Thompson: Have you made any plans for preserving the collection? Will you give it to a museum, or build a museum to house it?

Cochran: Missy and I have no children and expect not to have any children so one day we will have to make a decision. We would want to keep it together, but we have no definite plans as yet.

Thompson: Do people in LaGrange know that you have this tremendous collection of art? Do they accept you there? Is there a group with whom you can share your enthusiasm for prints?

Cochran: Well, I don’t know exactly how people see us. Everyone knows of us. It is sort of nice to come home and find a news clipping stuck in the mailbox, that someone has read about art somewhere and thinks we might be interested. They are looking out for us. I would like to be able to interact more but I don’t know of other collectors in the area, if so I haven’t had the pleasure of meeting them.

Thompson: What about the artists you meet?

Cochran: The artists we have met have been more than receptive. They are always friendly. We are often in New York and visit their studios and buy directly from them, without having to deal with galleries. The artists have been good about recommending other artists and all of this has been rewarding. We have tried to develop a reputation for being dependable, that our checks don’t bounce and that we keep our promises. We don’t take too much of their time, I hope, and so I think we are seen as serious and sincere. From what I have seen of the artists in their studios, they are very hard working and energetic. They are pretty much established as far as their work is concerned. They have all been formally well trained and involved in art all their lives. They are struggling, I’m sure, in trying to just make ends meet, but they are still very serious about their work. These are not emerging artists. When we buy we are looking for those who have been around for a while, the mid-career group.

Thompson: Do you prefer any particular style?

Cochran: Oh no, we are looking for a work that best represents that particular artist. It can be any style. We think of how it will fit into the collection when the collection is seen together as a whole.

Thompson: Now that you are solely on you own, do you find that you are developing a personal taste in any way? Have you considered collecting other mediums?

Cochran: Yes, I feel a lot more confident. We are beginning to trust what we like. We like the prints and will continue to buy them. Sometimes I think it might be interesting to collect photography. Oil paintings are still out of our price range, but we have begun to study them.

Thompson: What are your next exhibition plans?
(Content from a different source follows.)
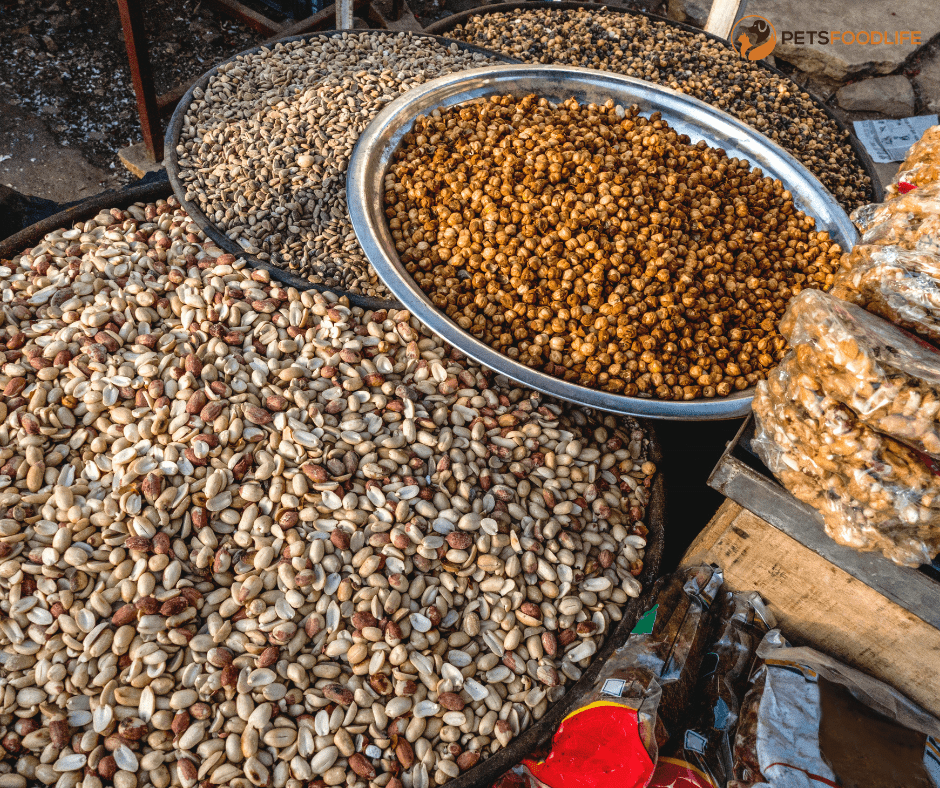 Bird Canary Food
Cochran: Right now we are at the Lamar Dodd Art Center in LaGrange with our Cochran Collection of 54 pieces. Our Warhol Collection is at the University of Georgia Museum in Athens and we are about to open in Columbia, South Carolina. These are booked through 1994. Our African-American Collection will open in the Spring of 1991 and it is already booked through 1992. We are now putting together the African-American Collection’s catalogue. Dr. Richard Long has written a brilliant introduction for it and we are waiting for articles from other African-American scholars as well. The works are being framed and crates are being built. Now we are getting ready and we are very excited about these new additions and new presentation of the Wes and Missy Cochran Collection.